Satellite mega-constellations and increasing tracking capability on Earth are set to generate vast amounts of precise tracking data. Using big data assimilation methods, you will work on the cutting edge of high precision orbit prediction required for modern traffic and constellation management. 

Data-driven density modelling (D3M) will use laser ranging satellite tracking data to greatly improve orbit predictions for space sustainability. It uses machine learning and big data assimilation methods to continuously update the biggest unknown, the atmospheric density model, through a sequential filtering process embedded into model-predictive control for orbit prediction.

This is broken down into two parts: 

• identification and training of a suitable representation of the density model
• update of the model using real-time observation data

The close collaboration with our industry partner Lumi Space ensures direct industrial relevance of your research. Through this work, we aim to reduce the number of false collision warnings to enable satellite operators to take real-time action on the remaining messages to safely manage an ever more crowded low Earth orbit environment.

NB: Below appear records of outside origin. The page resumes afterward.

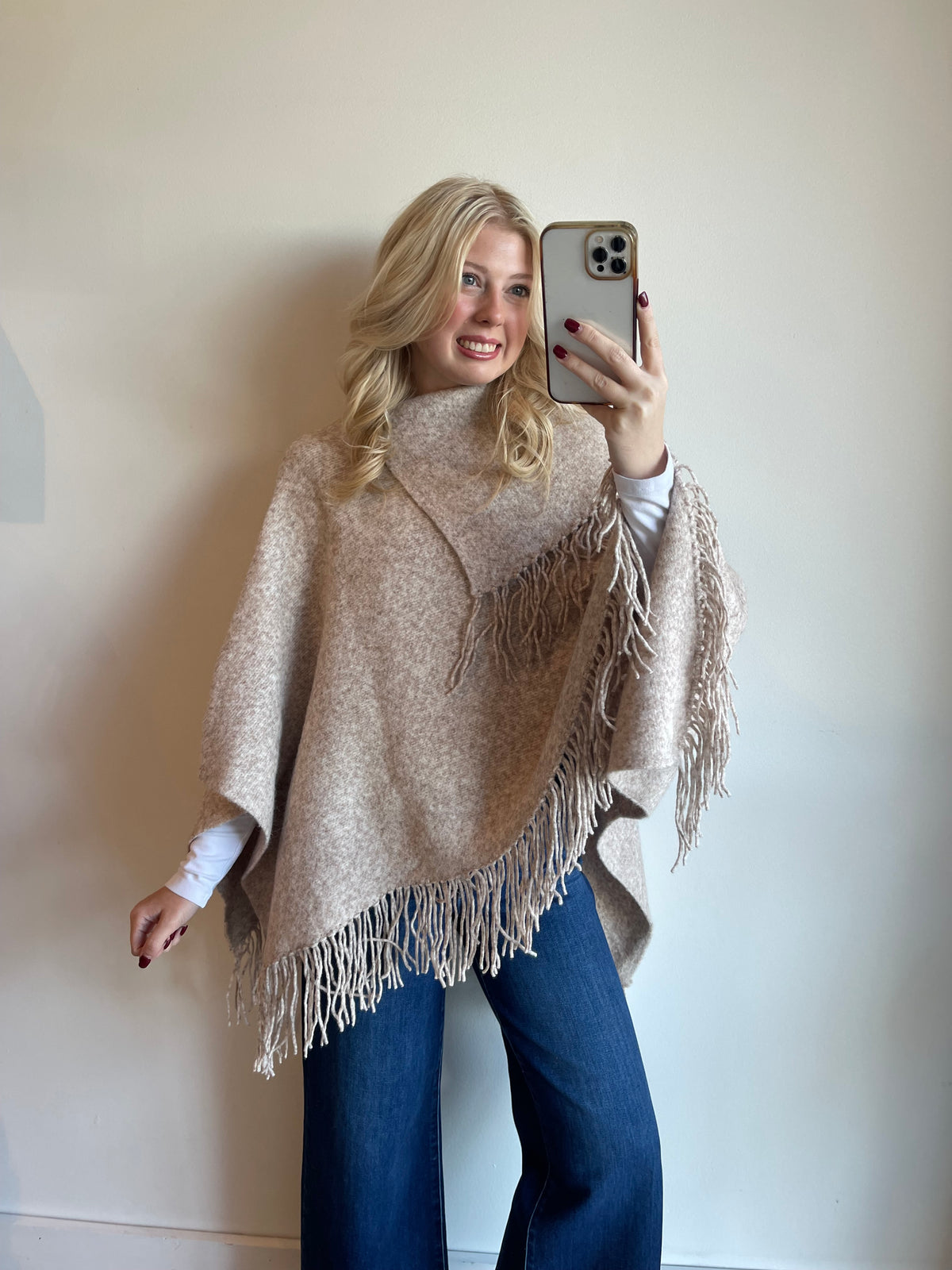 James Poncho Sweater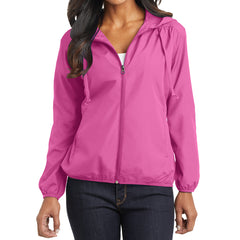 Women's Hooded Essential Jacket - Charity Pink - Front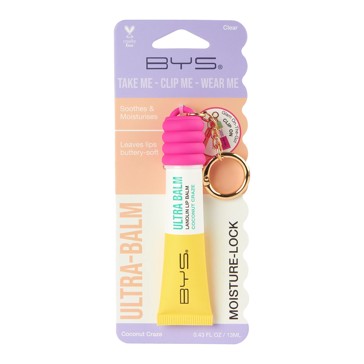 BYS Ultra-Balm Wearable Keyring 13ml  - Coconut Craze
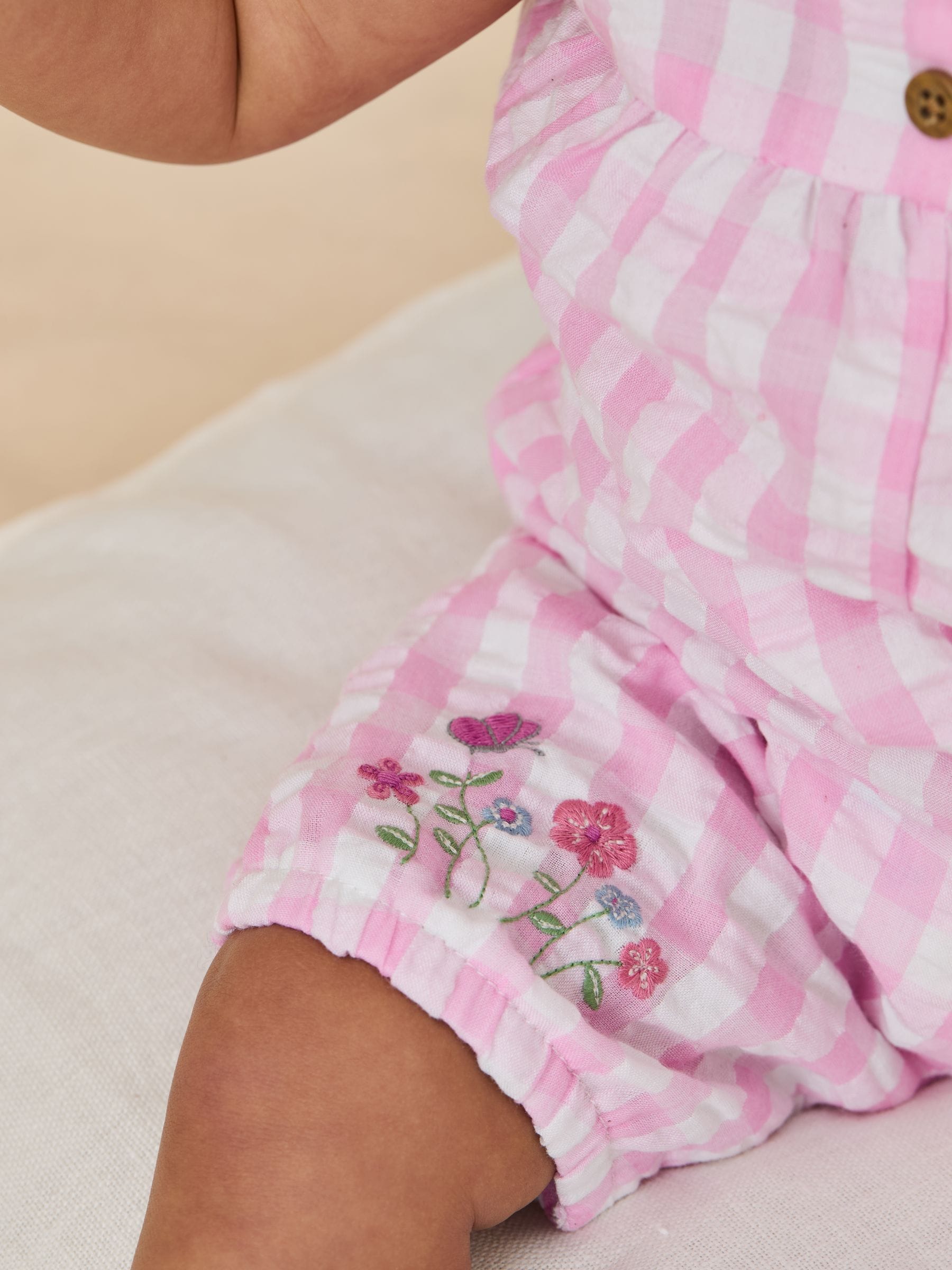 JoJo Maman Bébé Peter Flopsy Bunny Jumpsuit & Headband Set
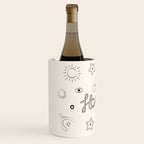 Howdy. Black and White Good Luck Charms Wine Chiller Gallery Image 2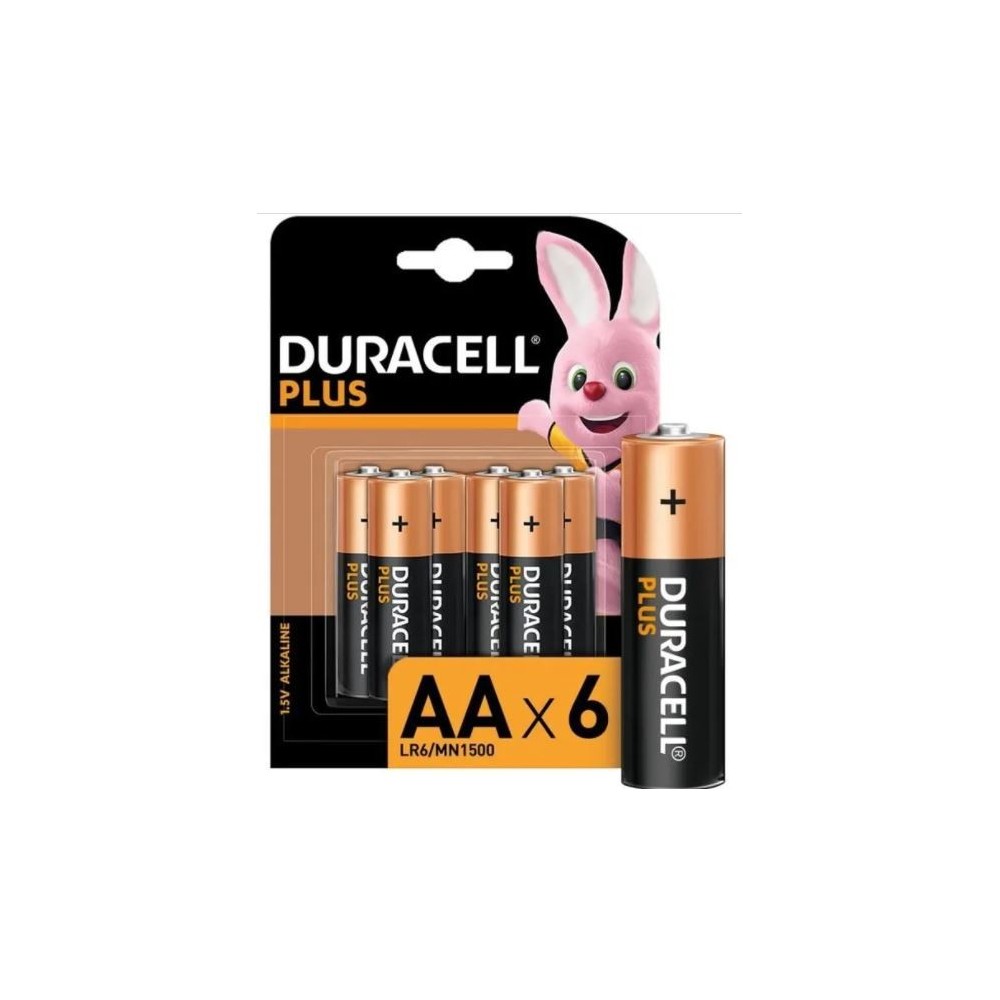 DURACELL PILE LR06 ALKANIE PLUS POWER 6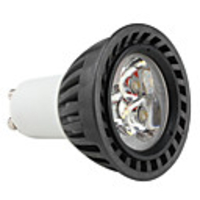 GU10 3x1W 270-300LM 3000-3500K Warm White Light LED Spot Bulb (85-265V)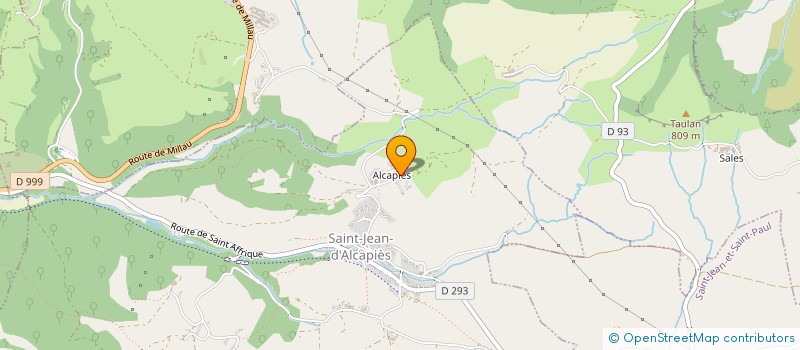 localisation de l'entreprise MONSIEUR STEPHAN MEDARD  SAINT-JEAN-D'ALCAPIES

For the modelling you will consider both traditional reduced order and time series models as well as machine learning techniques such as (physics informed) neural networks. Real time updates will be achieved through a sequential filtering process, such as high-order Kalman filters, embedded into the model-predictive control for orbit prediction including the effective ballistic coefficient of the observed satellites. You will validate your results with real-world tracking data provided by Lumi Space.

This PhD is offered in collaboration with industry partner Lumi Space, and includes an extended placement with them. High performance computing and training is available through Southampton's IRIDIS super-computer cluster.